• Exercise goal: Every entry below should appear in the answer exactly as written, apart from the pictures.

• Provided information:
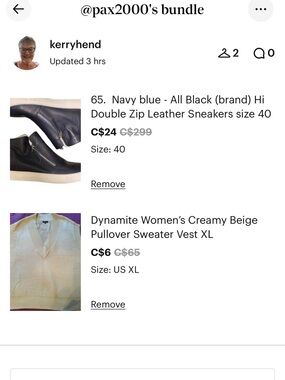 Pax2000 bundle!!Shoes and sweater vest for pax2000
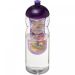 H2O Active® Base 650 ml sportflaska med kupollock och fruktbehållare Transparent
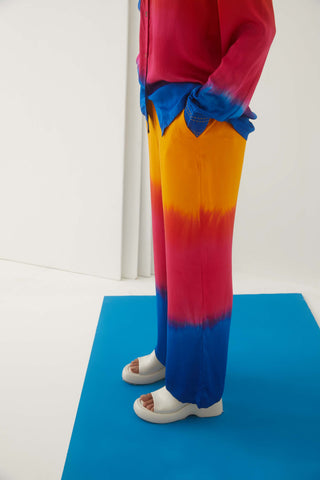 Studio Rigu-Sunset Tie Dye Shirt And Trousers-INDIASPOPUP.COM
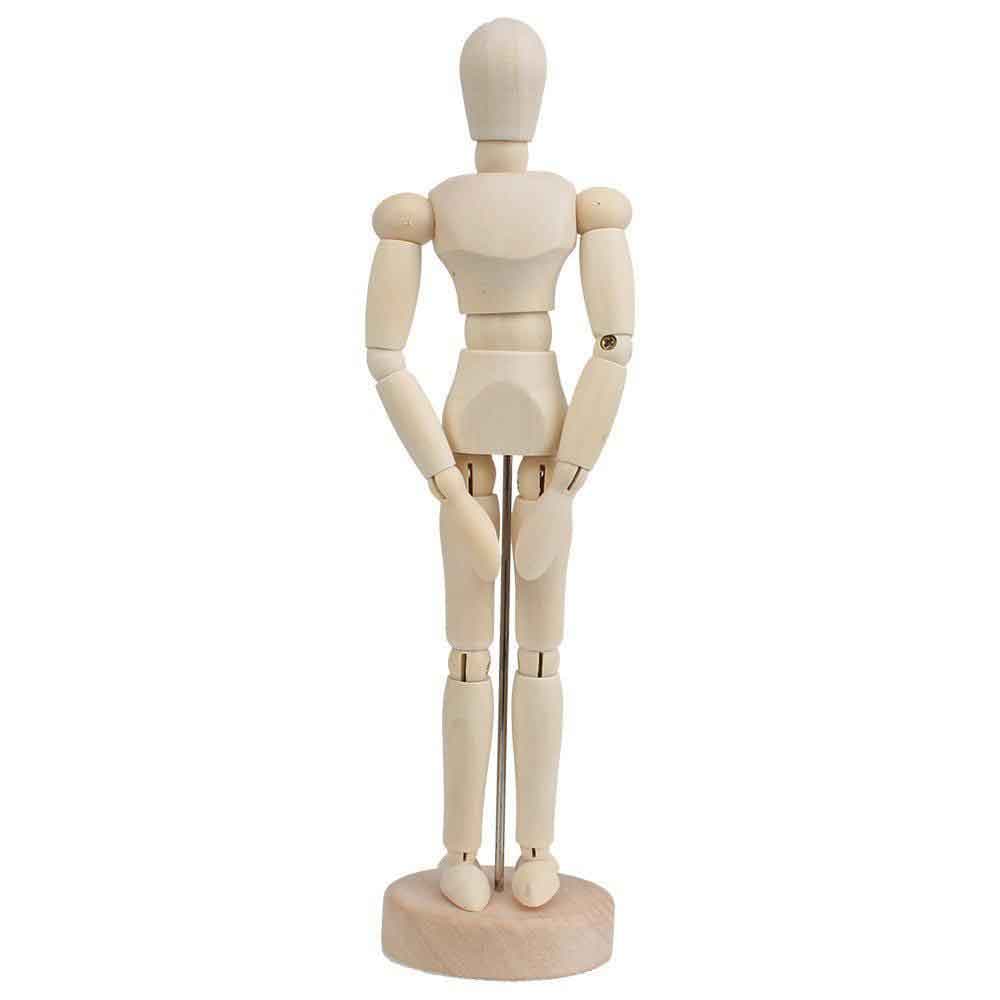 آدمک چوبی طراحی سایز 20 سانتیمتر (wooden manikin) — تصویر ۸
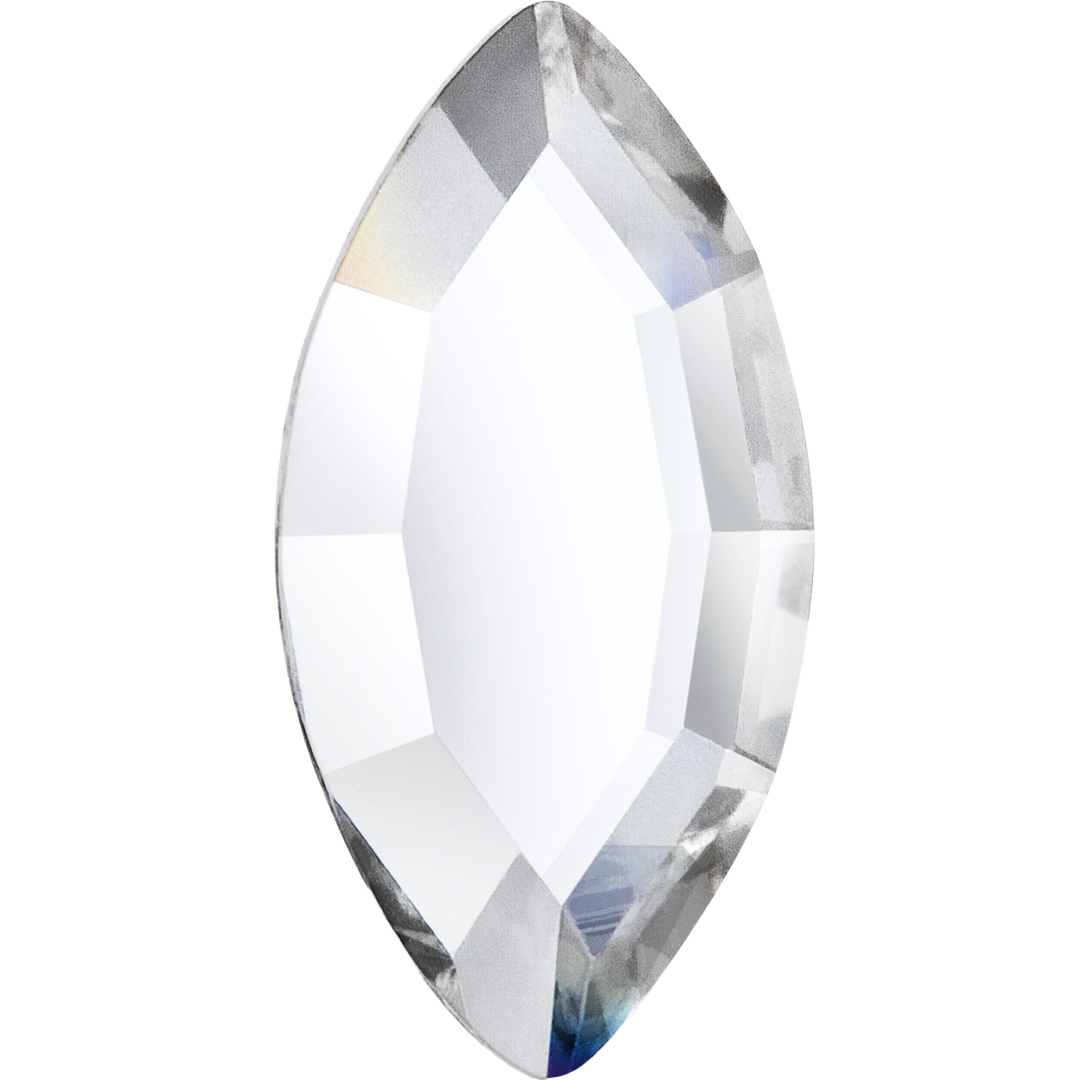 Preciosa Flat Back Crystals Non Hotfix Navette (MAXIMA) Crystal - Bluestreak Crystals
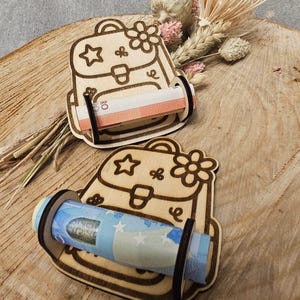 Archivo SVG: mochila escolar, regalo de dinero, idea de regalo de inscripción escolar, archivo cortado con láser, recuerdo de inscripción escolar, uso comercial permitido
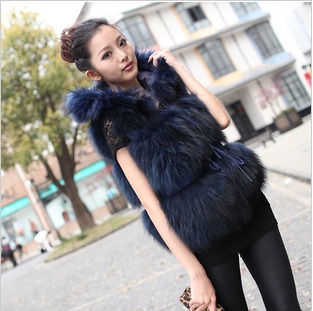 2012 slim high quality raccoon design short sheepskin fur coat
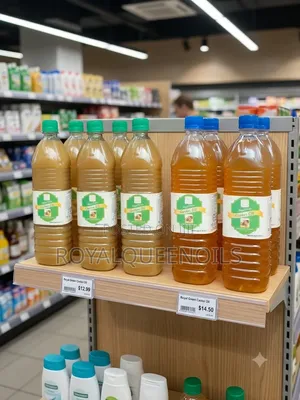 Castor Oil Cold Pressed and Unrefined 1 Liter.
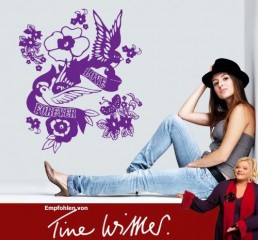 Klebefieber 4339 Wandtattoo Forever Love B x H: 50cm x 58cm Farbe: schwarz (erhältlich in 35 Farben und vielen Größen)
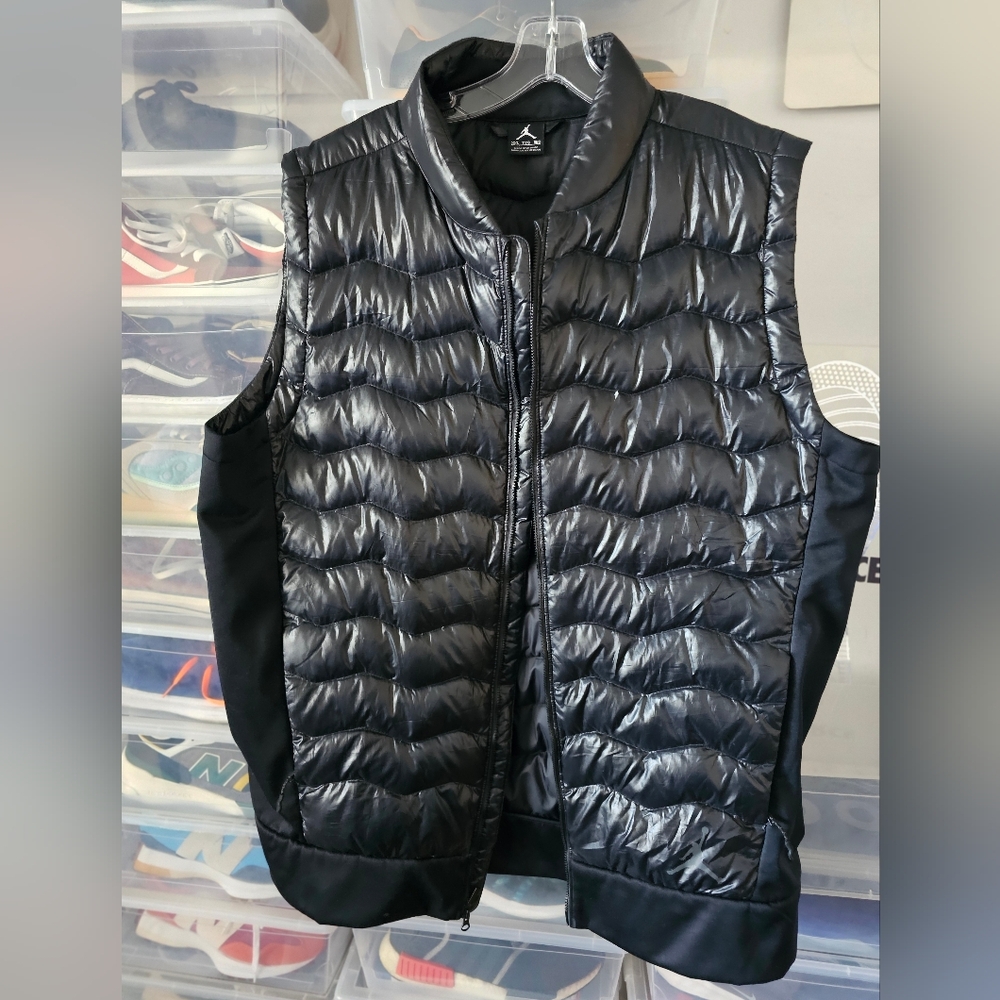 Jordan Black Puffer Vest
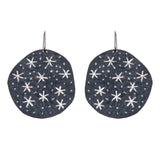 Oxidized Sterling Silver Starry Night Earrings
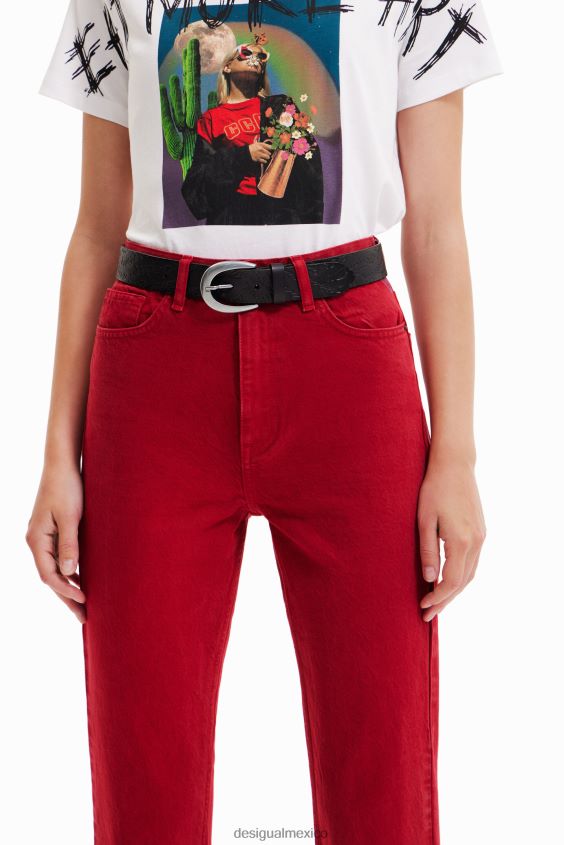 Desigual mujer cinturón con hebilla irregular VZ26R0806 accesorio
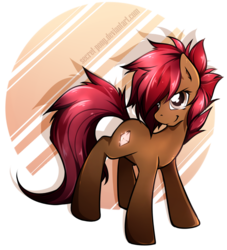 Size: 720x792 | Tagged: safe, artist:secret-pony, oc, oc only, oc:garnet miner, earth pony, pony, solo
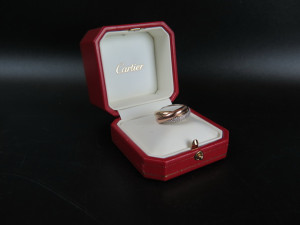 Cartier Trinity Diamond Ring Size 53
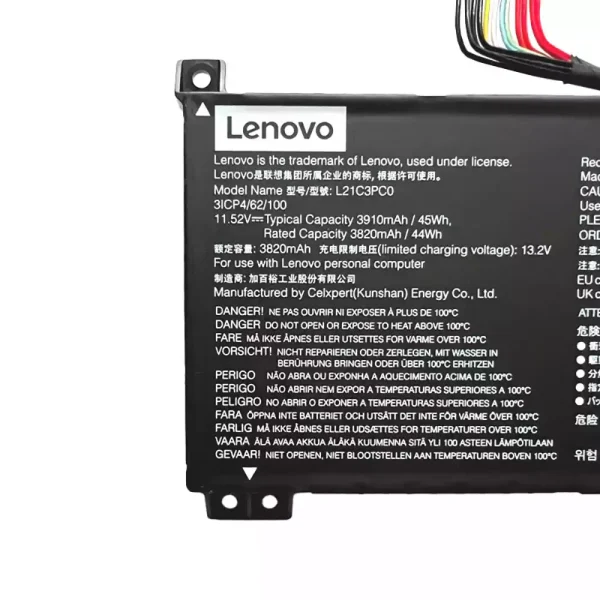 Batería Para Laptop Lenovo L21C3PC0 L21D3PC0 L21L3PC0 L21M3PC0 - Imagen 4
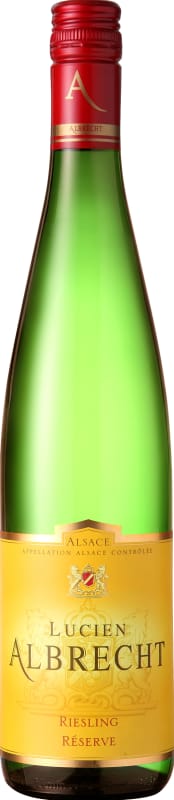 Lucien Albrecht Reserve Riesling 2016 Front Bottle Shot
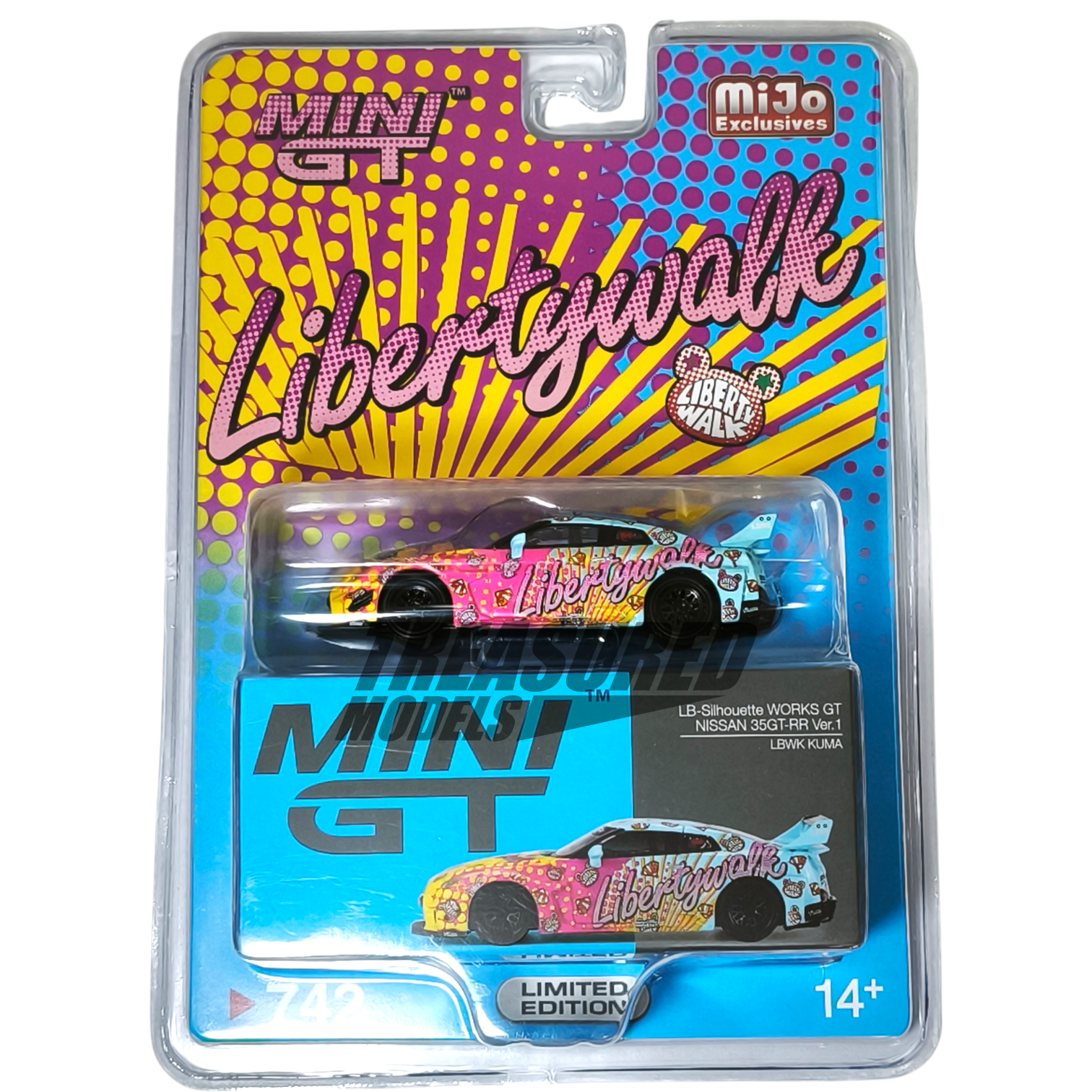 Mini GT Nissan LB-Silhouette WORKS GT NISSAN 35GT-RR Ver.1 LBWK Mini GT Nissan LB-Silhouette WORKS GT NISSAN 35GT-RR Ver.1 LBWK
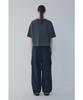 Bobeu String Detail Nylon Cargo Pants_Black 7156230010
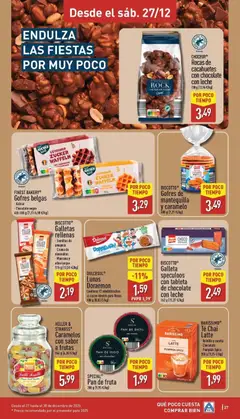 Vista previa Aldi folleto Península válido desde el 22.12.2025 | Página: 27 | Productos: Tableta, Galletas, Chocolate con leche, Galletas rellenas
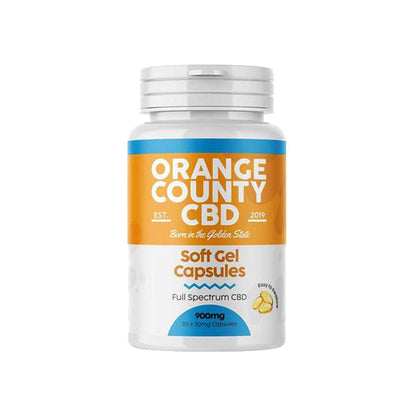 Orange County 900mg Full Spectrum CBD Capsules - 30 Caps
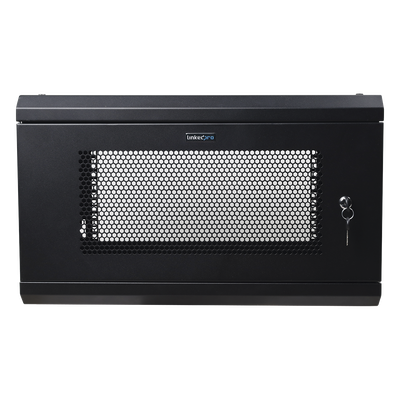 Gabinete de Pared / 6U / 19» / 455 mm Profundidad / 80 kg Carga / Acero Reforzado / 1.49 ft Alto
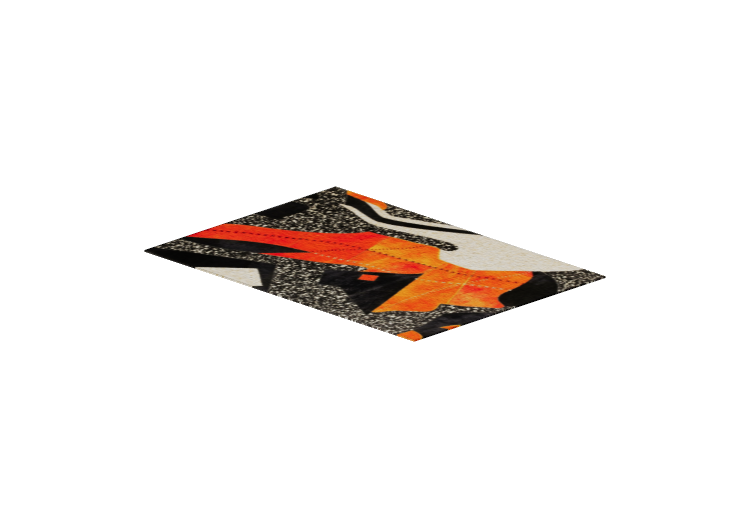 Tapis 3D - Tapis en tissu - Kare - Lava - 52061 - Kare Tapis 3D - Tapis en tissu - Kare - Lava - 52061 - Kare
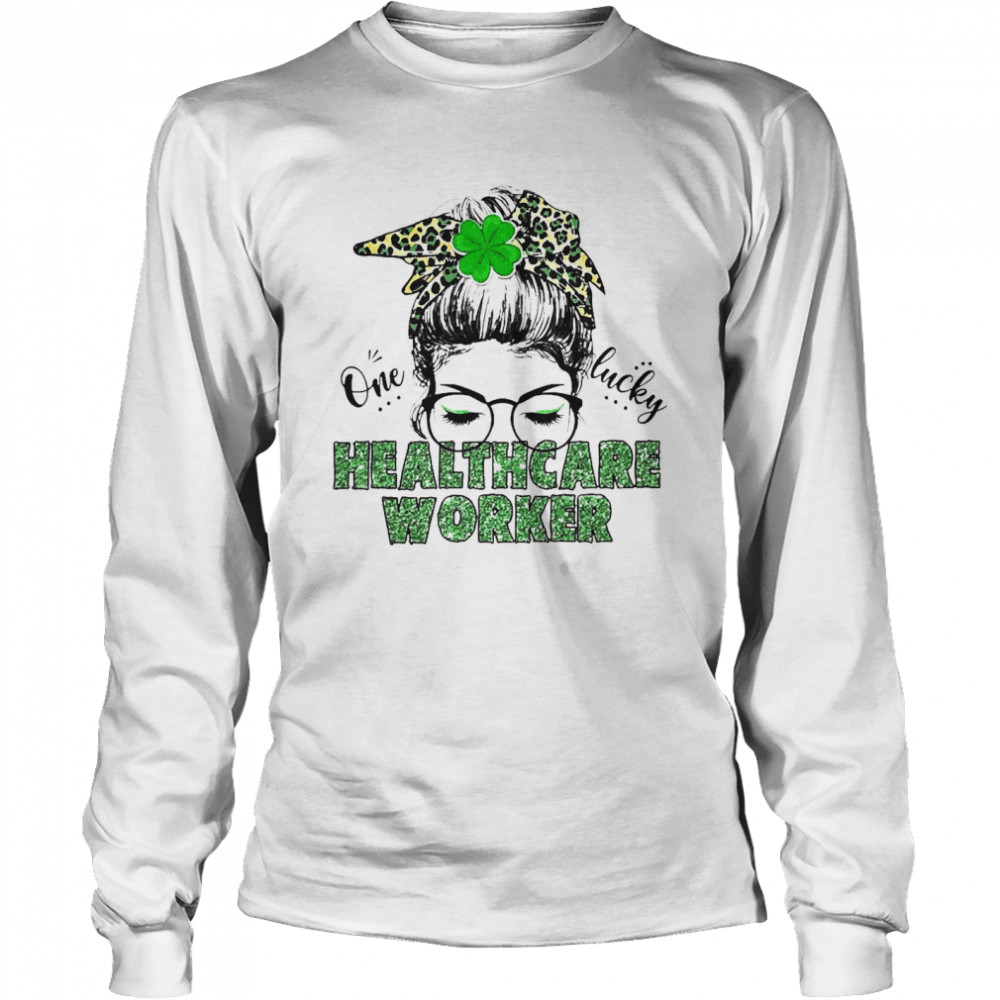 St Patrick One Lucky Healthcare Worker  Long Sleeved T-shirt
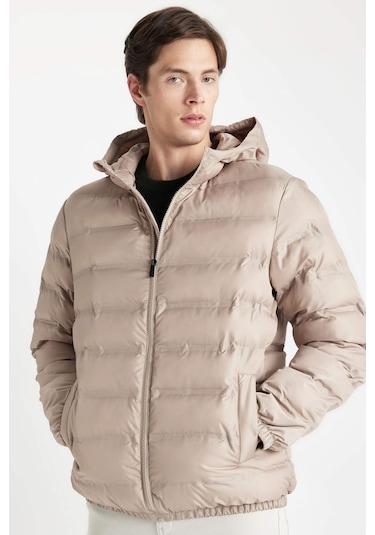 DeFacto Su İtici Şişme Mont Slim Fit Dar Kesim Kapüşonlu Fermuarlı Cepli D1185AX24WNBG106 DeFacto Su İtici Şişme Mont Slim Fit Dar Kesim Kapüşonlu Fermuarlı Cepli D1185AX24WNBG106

• Result of this task:
 Pax2000 bundle!!Shoes and sweater vest for pax2000
 H2O Active® Base 650 ml sportflaska med kupollock och fruktbehållare Transparent
 Studio Rigu-Sunset Tie Dye Shirt And Trousers-INDIASPOPUP.COM
 آدمک چوبی طراحی سایز 20 سانتیمتر (wooden manikin) — تصویر ۸
 Preciosa Flat Back Crystals Non Hotfix Navette (MAXIMA) Crystal - Bluestreak Crystals
 Archivo SVG: mochila escolar, regalo de dinero, idea de regalo de inscripción escolar, archivo cortado con láser, recuerdo de inscripción escolar, uso comercial permitido
 2012 slim high quality raccoon design short sheepskin fur coat
 Castor Oil Cold Pressed and Unrefined 1 Liter.
 Klebefieber 4339 Wandtattoo Forever Love B x H: 50cm x 58cm Farbe: schwarz (erhältlich in 35 Farben und vielen Größen)
 Jordan Black Puffer Vest
 Oxidized Sterling Silver Starry Night Earrings
 Desigual mujer cinturón con hebilla irregular VZ26R0806 accesorio
 Size: 720x792 | Tagged: safe, artist:secret-pony, oc, oc only, oc:garnet miner, earth pony, pony, solo
 Cartier Trinity Diamond Ring Size 53
 Batería Para Laptop Lenovo L21C3PC0 L21D3PC0 L21L3PC0 L21M3PC0 - Imagen 4
 Lucien Albrecht Reserve Riesling 2016 Front Bottle Shot
 Mini GT Nissan LB-Silhouette WORKS GT NISSAN 35GT-RR Ver.1 LBWK Mini GT Nissan LB-Silhouette WORKS GT NISSAN 35GT-RR Ver.1 LBWK
 Bobeu String Detail Nylon Cargo Pants_Black 7156230010
 Vista previa Aldi folleto Península válido desde el 22.12.2025 | Página: 27 | Productos: Tableta, Galletas, Chocolate con leche, Galletas rellenas
 Orange County 900mg Full Spectrum CBD Capsules - 30 Caps
 Gabinete de Pared / 6U / 19» / 455 mm Profundidad / 80 kg Carga / Acero Reforzado / 1.49 ft Alto
 Tapis 3D - Tapis en tissu - Kare - Lava - 52061 - Kare Tapis 3D - Tapis en tissu - Kare - Lava - 52061 - Kare
 St Patrick One Lucky Healthcare Worker  Long Sleeved T-shirt
 DeFacto Su İtici Şişme Mont Slim Fit Dar Kesim Kapüşonlu Fermuarlı Cepli D1185AX24WNBG106 DeFacto Su İtici Şişme Mont Slim Fit Dar Kesim Kapüşonlu Fermuarlı Cepli D1185AX24WNBG106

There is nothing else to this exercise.